**DIV2-A Lucky Ticket:**

In this problem everything is obvious: if all digits are lucky and sum of the digits of the first half equals to the sum of the digits of the second half, then answer is YES, in other case - NO. All this can be checked by single loop through all the digits.

**DIV2-B Lucky Mask:**

You can see that, in worst case, the answer will be equal to 177777. It can't be greater. So, only thing you need is to write some function *F*(*x*) which will return mask of the *x*. After that you need to write such kind of code:

*x* = *a* + 1;

while (*F*(*x*) is not equal to *b*)

increase *x*;

and *x* will contain the answer.

**DIV2-C DIV1-A Lucky Transformation:**

You need to find two numbers: *c*47 (number of such positions *i*, that *a*_{i} = 4 and *b*_{i} = 7) and *c*74 (number of such positions that *a*_{i} = 7 and *b*_{i} = 4). After that the result will be *max*(*c*47, *c*74) (because you need to obtain *min*(*c*47, *c*74) swaps, the rest *max*(*c*47, *c*74) - *min*(*c*47, *c*74) are editings of digits).

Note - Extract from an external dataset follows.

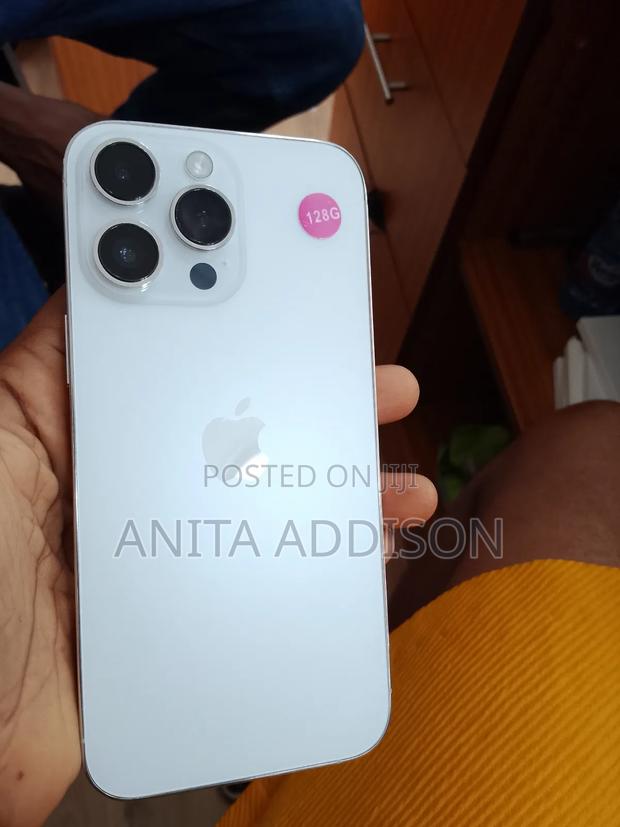 Apple iPhone 14 Pro Max 128 GB White · Photo 3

**DIV2-D DIV1-B Lucky Number 2:**

Let we have some string result *s*. Let then delete all repititions, i. e. while we have some pair adjacent equal digits, we delete one of them. Let call formed string a root. In root there will be no adjacent equal digits, so |*cnt*(47) - *cnt*(74)| ≤ 1. So, if |*a*_{3} - *a*_{4}| > 1, then answer is "-1". Now, if we would know the root, that will be used in our result, we can create result.

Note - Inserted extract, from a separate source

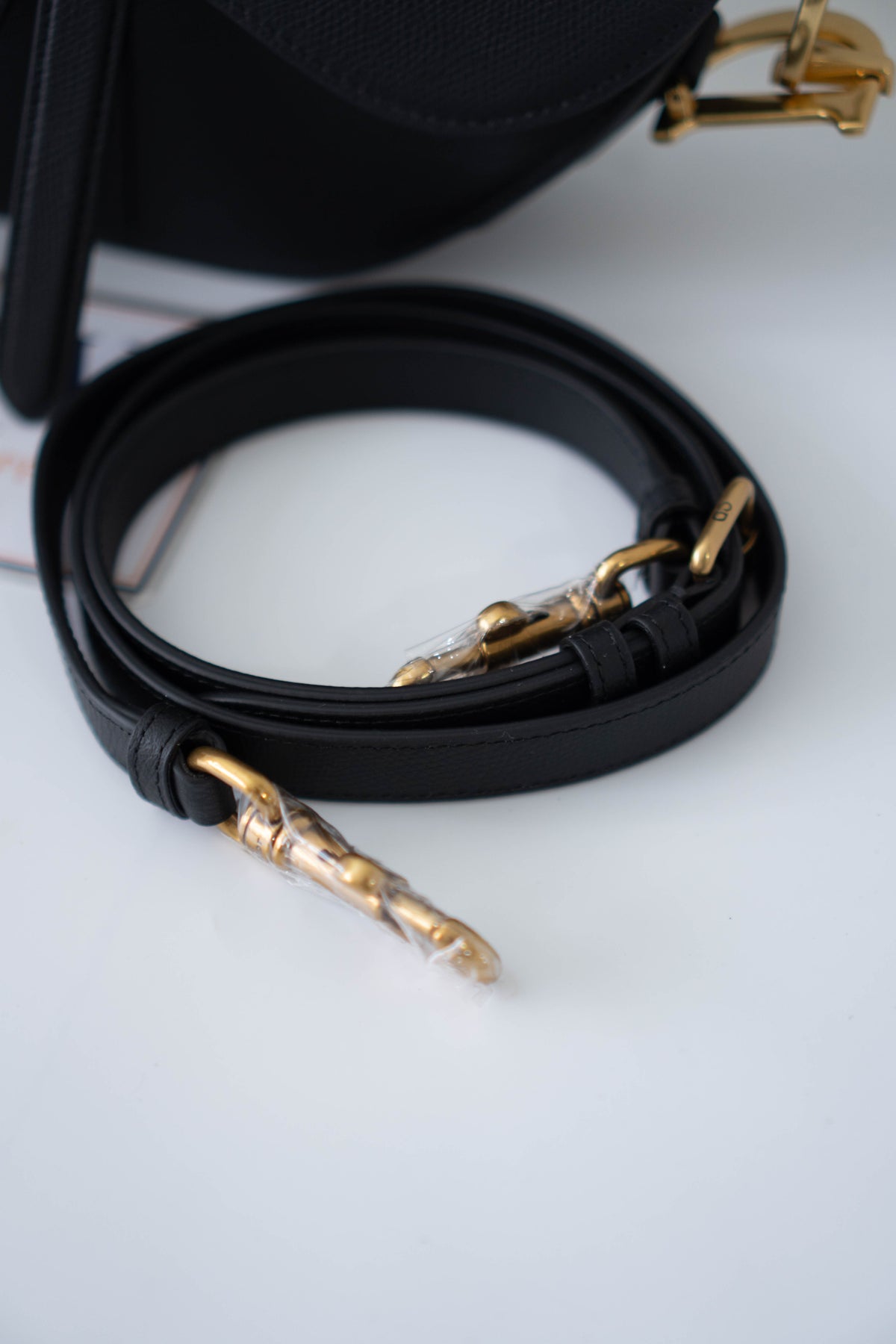 Saddle Medium Bag Single Flap – Black Grained Calfskin in Gold Hardware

You can see, that if *a*_{3} = *a*_{4}, then root must be 47474747...474 or 747474...747. If *a*_{3} < *a*_{4}, then root is 74747474....74. If *a*_{3} > *a*_{4}, then root is 474747...47. Length of the root must be such that it fulfill *a*_{3} and *a*_{4}.

Now, when you have a root, you can build result. You just need to find first occurrence of 4 in root and insert the rest of 4 from *a*_{1} right next to that digit. To add the rest of 7, you need to find last occurrence of 7 in root.

The answer does not exits if, after constructing the root, you have used more 4 than *a*_{1} or more 7 than *a*_{2}.

**DIV2-E DIV1-C Lucky Different: **

As you probably know, the number of lucky numbers in range [1;10^{9}] is 1022. We use this fact to solve problem. Let *C*[*i*] - number of occurrences of *i*-th lucky number in array *a*. Now we schould calculate DP with parameters DP[pos][cnt] - what is the number of subsequences that we use lucky numbers up to *pos*-th and our subsequence contains exactly *cnt* lucky number. If we are on state DP[pos][cnt] we can do two things: do not use *pos*-th lucky number (and do DP[pos+1][cnt] += DP[pos][cnt]) or use *pos*-th lucky (and do DP[pos+1][cnt+1] += DP[pos][cnt]*C[pos], because you have C[pos] of *pos*-th lucky number).

Now we need to find total result. To do that we iterate through the number of lucky numbers in our subsequence *i*. Then you need to multiple that number by *C*(*count*_{unlucky}, *k* - *i*) (bin. coefficient), where *count*_{unlucky} - number of unlucky numbers of sequence. Sum for all such *i* will be the total result.

**DIV1-D Lucky Pair:**

The main point of this problem is that number of lucky numbers in array is ≤ 1000. Imagine that there is array of 1000 number in range [1;1000] each, and you want to find number of such pairs that there is no equal number in both segments. How to solve this problem? Let we have fixed left point of right segment, let it be *i*. The you should iterate through all *j* (*i* ≤ *j*) - right point of right segment. If you have some fixed right segment [*i*;*j*], then there is some set *S* of numbers that are in that right segment. So, segment [0;*i* - 1] will be divided in some subsegments that don't contain any number from *S*. For example, let *S* = {1, 2, 3} and segment [0;*i* - 1] is [2, 4, 2, 3, 6, 5, 7, 1], then there will be such subsegments (0-based numeration): [1;1], [4;6]. Of course, any subsegment of that subsegments will be good too: they dont contain any number from *S*, too. So, you can keep in *set* (or some structure like *set*) all good subsegments and keep number of all good subsegments in [0;*i* - 1]. When you iterate *j* from *i* to *n* - 1, you will add some numbers to *S*. When you add some number in *S*, you should add all occurrences of that number in subarray [0;*i*]. Notice, that when some number is already in *S*, you don't need to look at that numbers. So, for fixed *i* you should do *O*(*n* * *logn*) operations - any number from *a*[0;*i* - 1] will be added at most once to *set*.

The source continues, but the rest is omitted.